Einmal Reset bitte - Der Neustart von AMD

Im Oktober hat AMD seine Fertigung in die »Foundry Company« ausgelagert. Ist das gut oder schlecht für AMD? Welche anderen Firmen sind die Gewinner und Verlierer dieses Schritts? Eine Analyse aus Sicht von AMD, Foundries, Politik – und Intel.
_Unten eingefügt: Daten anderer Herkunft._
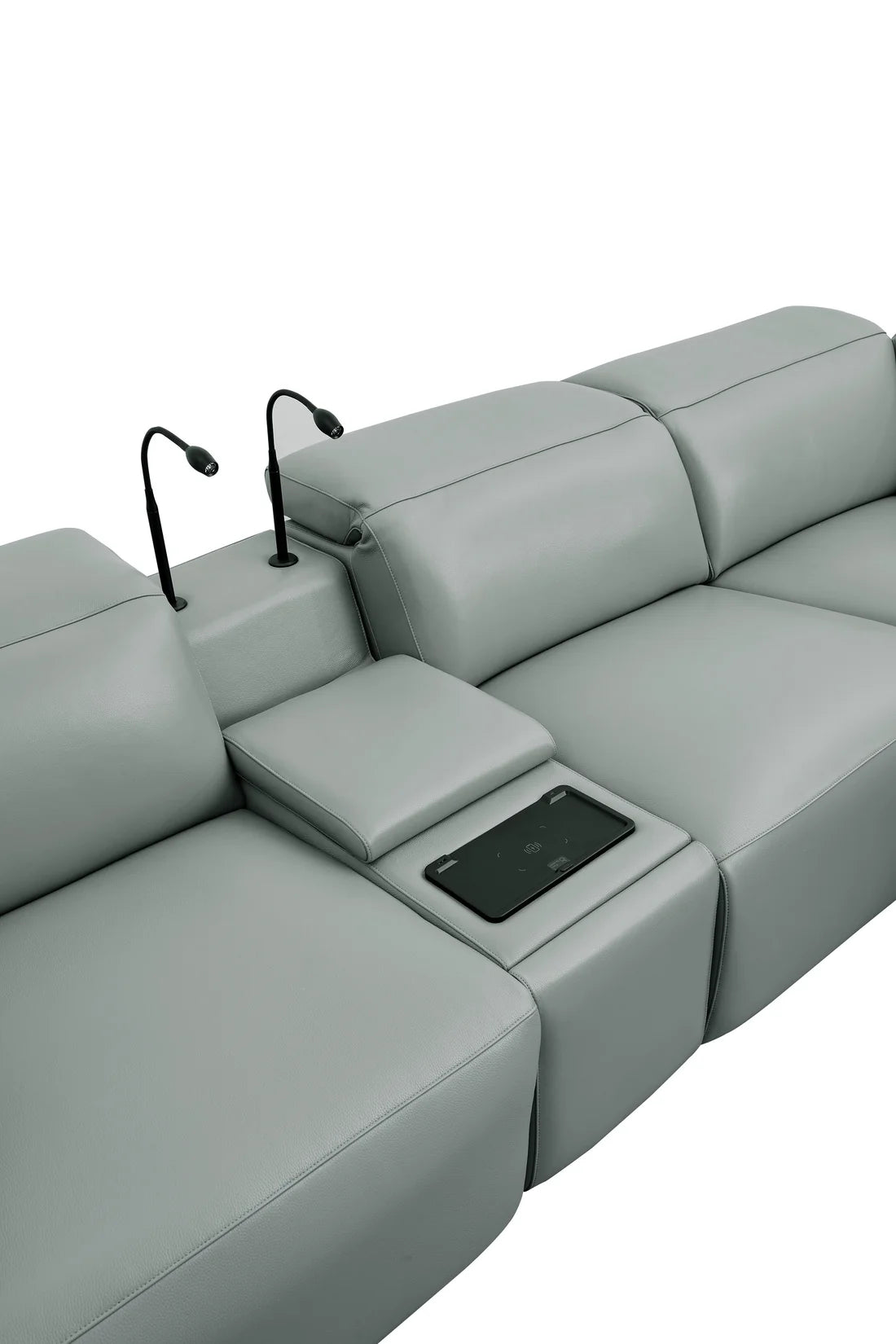 Holly Italian Leather/Match Power Reclining Sectional  Grey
Die Foundry Company wird ein Gemeinschaftsunternehmen von AMD und der Advanced Technology Investment Company (ATIC), eine von neun Beteiligungsgesellschaften des Emirates von Abu Dhabi, Teil der vereinigten arabischen Emirate am persischen Golf. Laut Vereinbarung werden AMD und ATIC jeweils 50 Prozent der Foundry Company steuern, auch wenn ATIC im Moment mit 56 Prozent Anteil Mehrheitseigentümer ist.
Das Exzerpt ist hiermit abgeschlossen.